Palisades, N.Y. -- A group of scientists has used deep ocean-floor
drilling and experiments to show that volcanic rocks off the West Coast
and elsewhere might be used to securely imprison huge amounts of
globe-warming carbon dioxide captured from power plants or other sources.
In particular, they say that natural chemical reactions under 78,000
square kilometers (30,000 square miles) of ocean floor off California,
Oregon, Washington and British Columbia could lock in as much as 150 years
of U.S. CO2 production. The findings are published today in the
Proceedings of the National Academy of Sciences.
Interest in so-called carbon sequestration is growing worldwide.
However, no large-scale projects are yet off the ground, and other
geological settings could be problematic. For instance, the petroleum
industry has been pumping CO2 into voids left by old oil wells on a small
scale, but some fear that these might eventually leak, putting gas back
into the air and possibly endangering people nearby.
Lead author David Goldberg, a geophysicist at Columbia University's
Lamont-Doherty Earth Observatory, called the study "the first good
evidence that this kind of carbon burial is feasible."
"We are convinced that the sub-ocean floor is a significant part of the
solution to the global climate problem," said Goldberg. "Basalt reservoirs
are understudied. They are immense, accessible and well sealed--a huge
prize in the search for viable options." One of the main advantages, he
said, is a chemical process between basalt and pumped-in CO2 that would
convert the carbon into a solid mineral.
In their paper, Goldberg and his colleagues Taro Takahashi and Angela
Slagle used previous deep-ocean drilling studies of the Juan de Fuca
plate, some 100 miles off the Pacific coast, to chart a vast basalt
formation that they say could be suitable for such pumping. Basalt, the
basic stuff of the ocean floors, is hardened lava erupted from undersea
fissures and volcanoes. In this region, much of it lies under some 2,700
meters (8,850 feet) of water, and 200 meters (650 feet) or more of
overlying fine-grained sediment. Drilling by the Integrated Ocean Drilling
Program has shown the rock is honeycombed with watery channels and pores
that would provide room for pressurized CO2. The scientists have mapped
out specific areas that they say are isolated from earthquakes,
hydrothermal vents or other factors that might upset the system.

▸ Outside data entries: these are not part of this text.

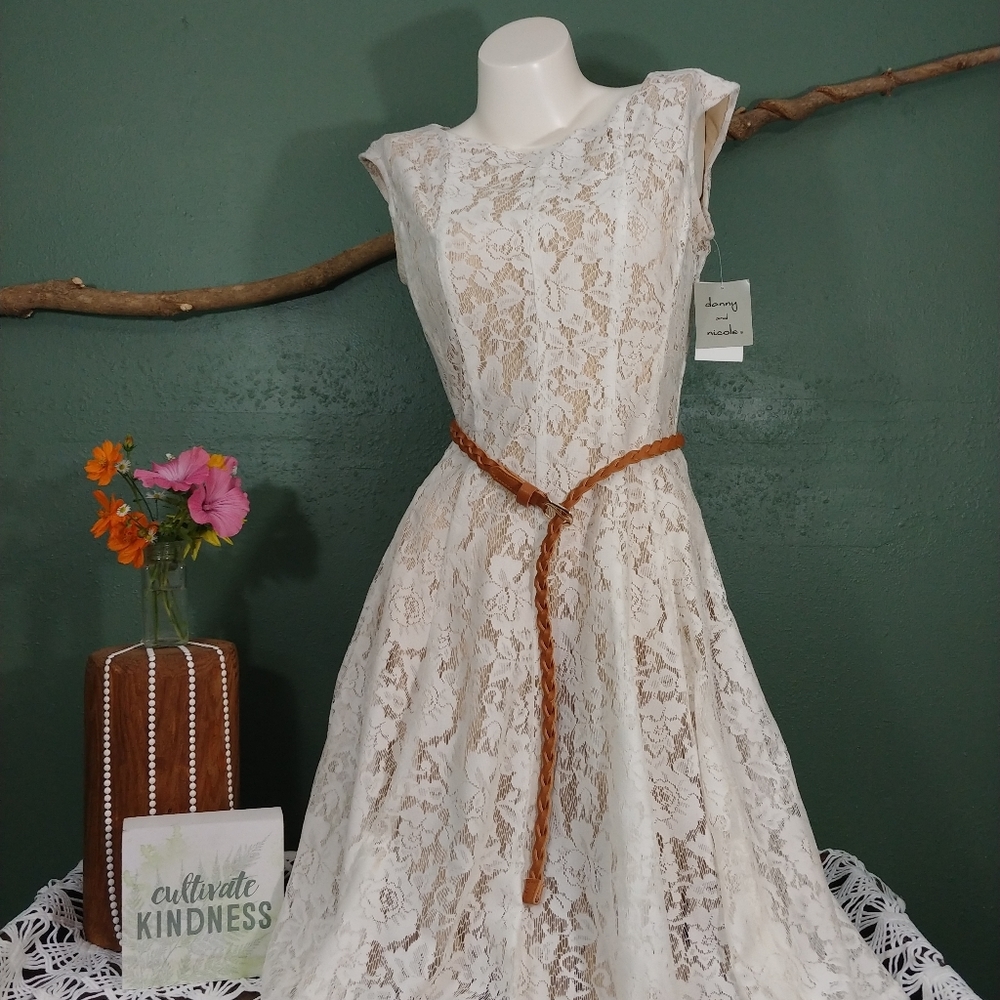 ✔NWT Danny and Nicole Lace Dress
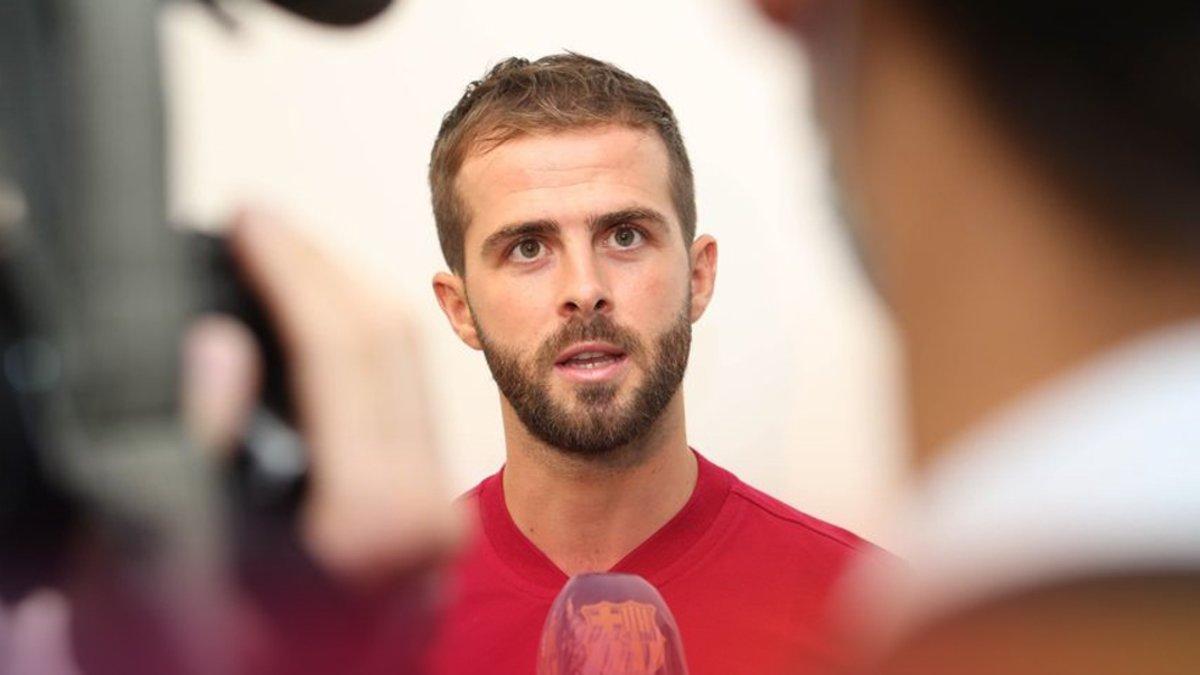 Pjanic, con los medios del club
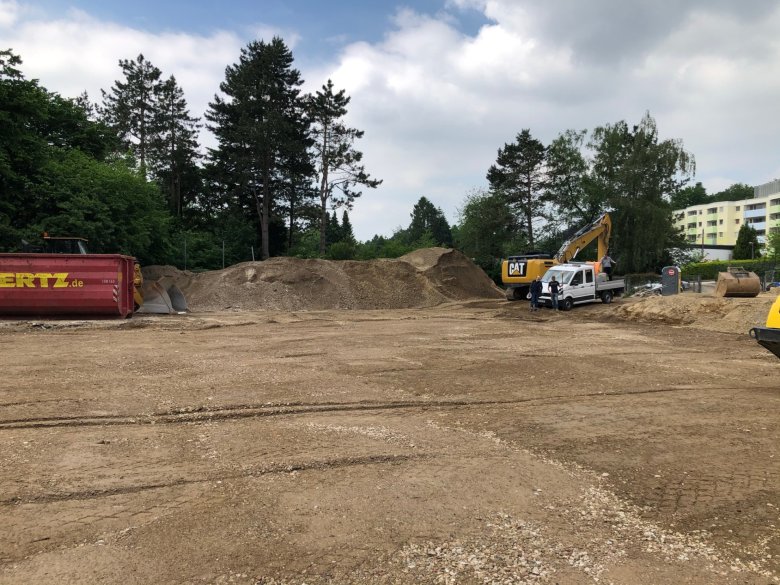 Planum_c_e26_2021_06 Es wurde mit der Verfüllung, dem Aushub, sowie mit der Schaffung des Planumniveaus begonnen.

Ongoing experiments by Lamont scientists on land have shown that when
CO2 is combined with basalt, the gas and components of the rock naturally
react to create a solid carbonate—basically, chalk. Later this year, a
separate team headed by Lamont geochemist Juerg Matter will begin pumping
CO2 into a landbound basalt formation at a power plant near Reykjavik,
Iceland—the first such large-scale demonstration. Basalts lie at or near
the surfaces of other land areas including the northeast United States;
the Caribbean; north and south Africa; and southeast Asia.
Goldberg says that undersea basalts, which are widespread, may be
bigger, and better, than ones on land. At the depths studied, any CO2 that
does not react with the rock will be heavier than seawater, and thus
unable to rise. And in places like the Juan de Fuca, even if some did
escape the rock, it would hit the overlying impermeable cap of clayey
sediment.
Skeptics point out that getting the CO2 to such sites could be
expensive and tricky. But Goldberg says the West Coast formations should
be close enough to the land for delivery by pipelines or tankers. He
called on government to study the details of how the idea might work, and
whether it would be economically feasible. The United States currently
spends about $40 million a year studying carbon sequestration, but nearly
all of that goes to land-based research. "Forty million is about the
opening-day box office for Finding Nemo," said Goldberg. We need policy
change now, to energize research beyond our coastlines."